> _RECORDED INFORMATION_:
Start of Block

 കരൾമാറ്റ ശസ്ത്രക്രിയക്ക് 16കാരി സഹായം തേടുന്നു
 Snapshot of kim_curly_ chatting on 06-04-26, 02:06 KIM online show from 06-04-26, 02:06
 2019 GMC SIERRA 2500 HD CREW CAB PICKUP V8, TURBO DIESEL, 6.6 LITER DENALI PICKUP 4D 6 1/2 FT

End of Block
Start of Block

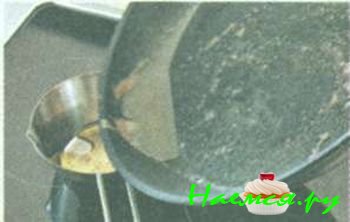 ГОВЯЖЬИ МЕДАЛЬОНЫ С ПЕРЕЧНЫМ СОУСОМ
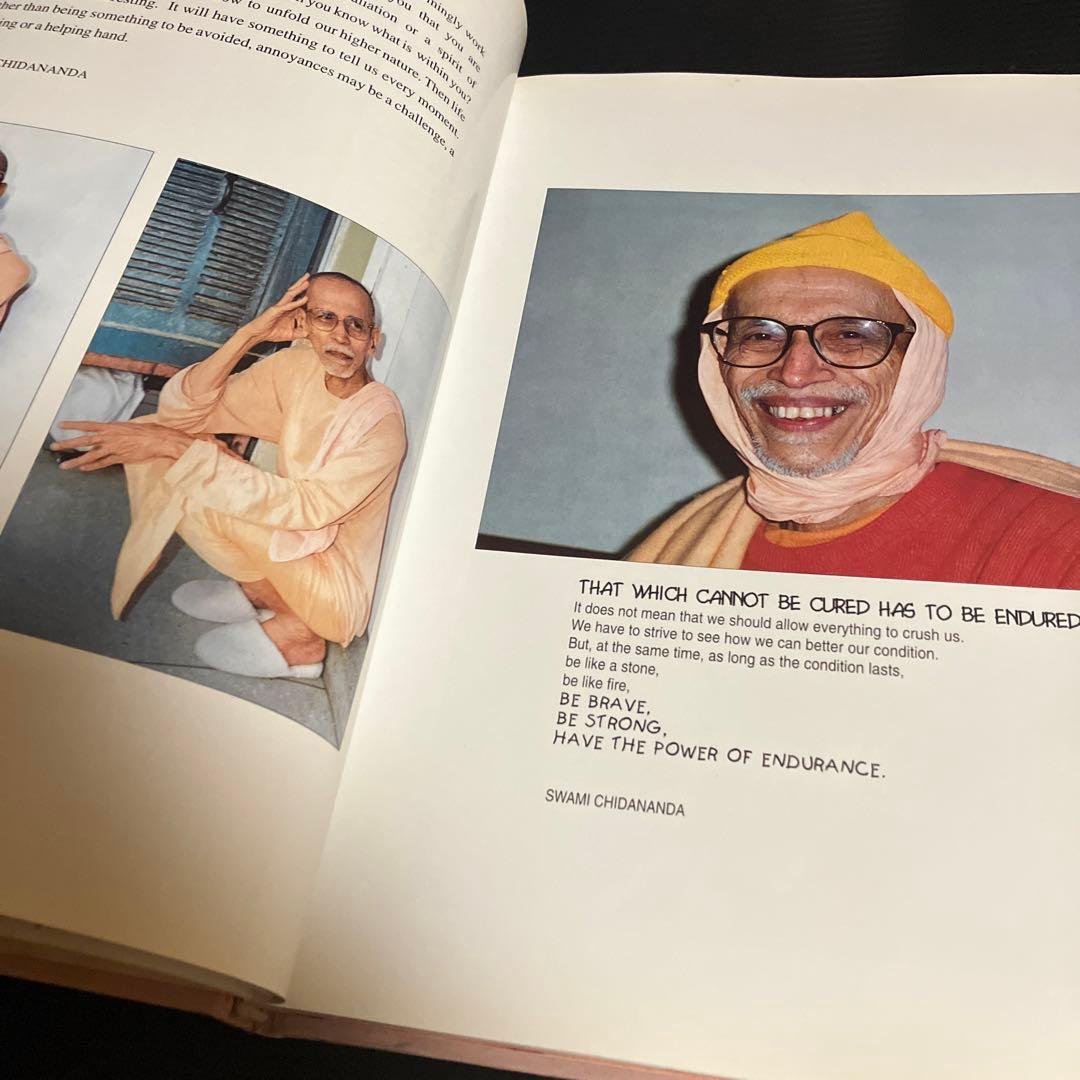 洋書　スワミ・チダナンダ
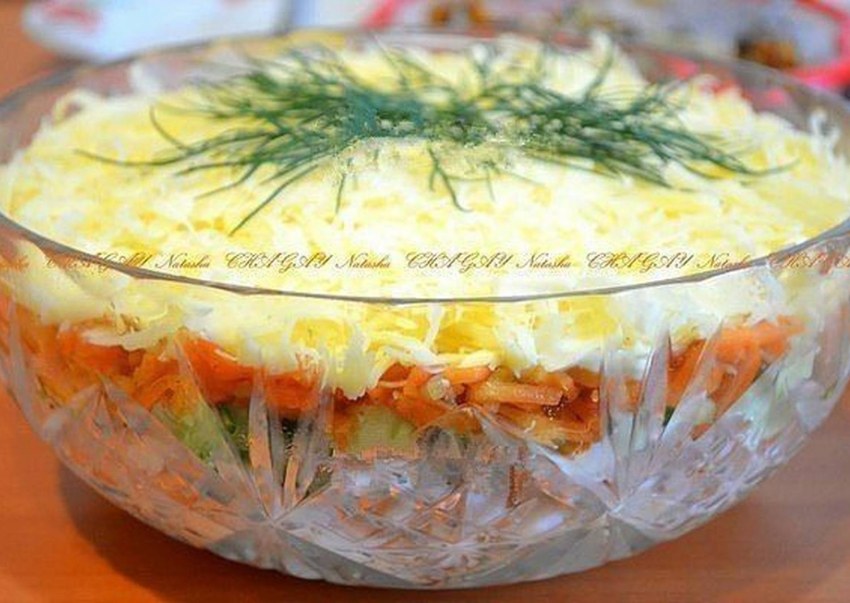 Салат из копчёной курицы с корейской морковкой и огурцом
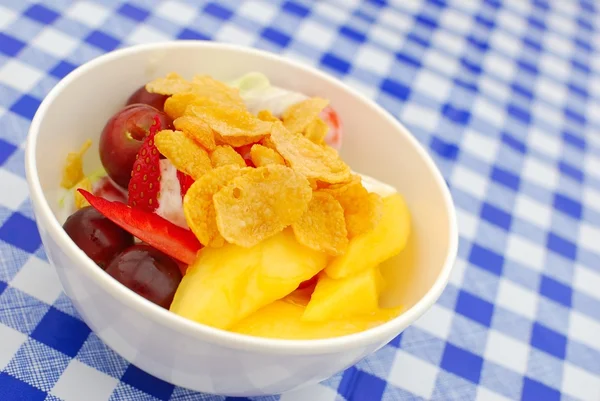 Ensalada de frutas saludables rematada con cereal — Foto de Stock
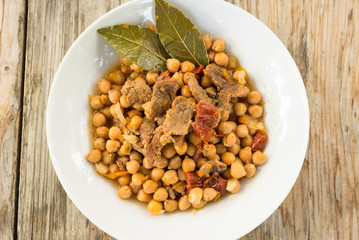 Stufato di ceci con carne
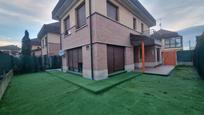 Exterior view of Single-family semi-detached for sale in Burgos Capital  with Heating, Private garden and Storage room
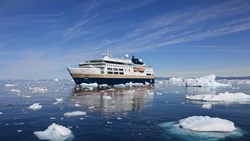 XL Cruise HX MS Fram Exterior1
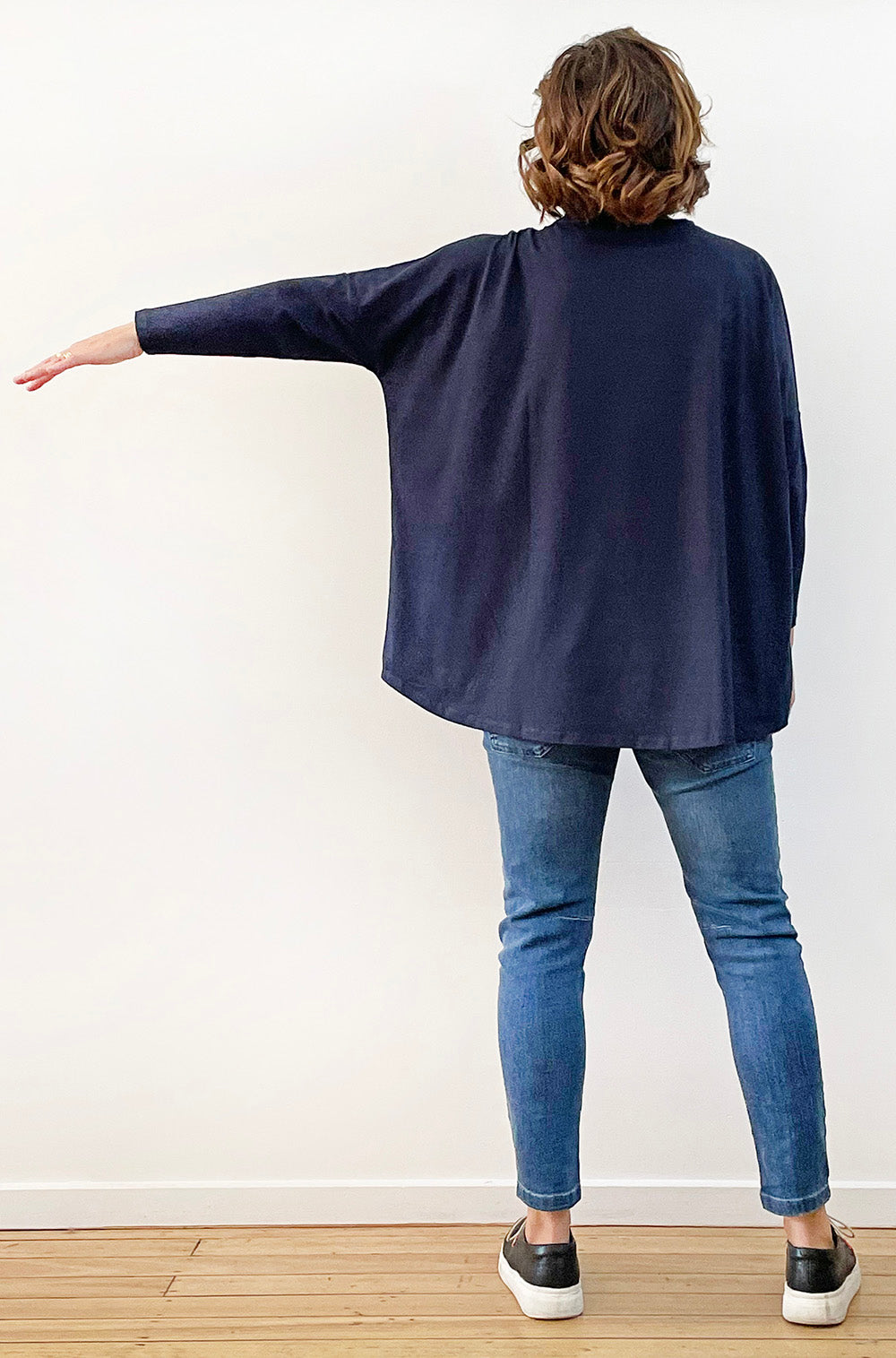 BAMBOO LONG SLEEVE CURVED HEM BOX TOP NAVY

End of Block

> _YOUR ASSIGNMENT_:
Return exactly, and only, the lines above starting at the line that contains "കരൾമാറ്റ ശസ്ത്രക്രിയക്ക് 16കാരി" and ending at the line that contains "2019 GMC SIERRA".

> _ANSWER TO THIS EXERCISE_:
 കരൾമാറ്റ ശസ്ത്രക്രിയക്ക് 16കാരി സഹായം തേടുന്നു
 Snapshot of kim_curly_ chatting on 06-04-26, 02:06 KIM online show from 06-04-26, 02:06
 2019 GMC SIERRA 2500 HD CREW CAB PICKUP V8, TURBO DIESEL, 6.6 LITER DENALI PICKUP 4D 6 1/2 FT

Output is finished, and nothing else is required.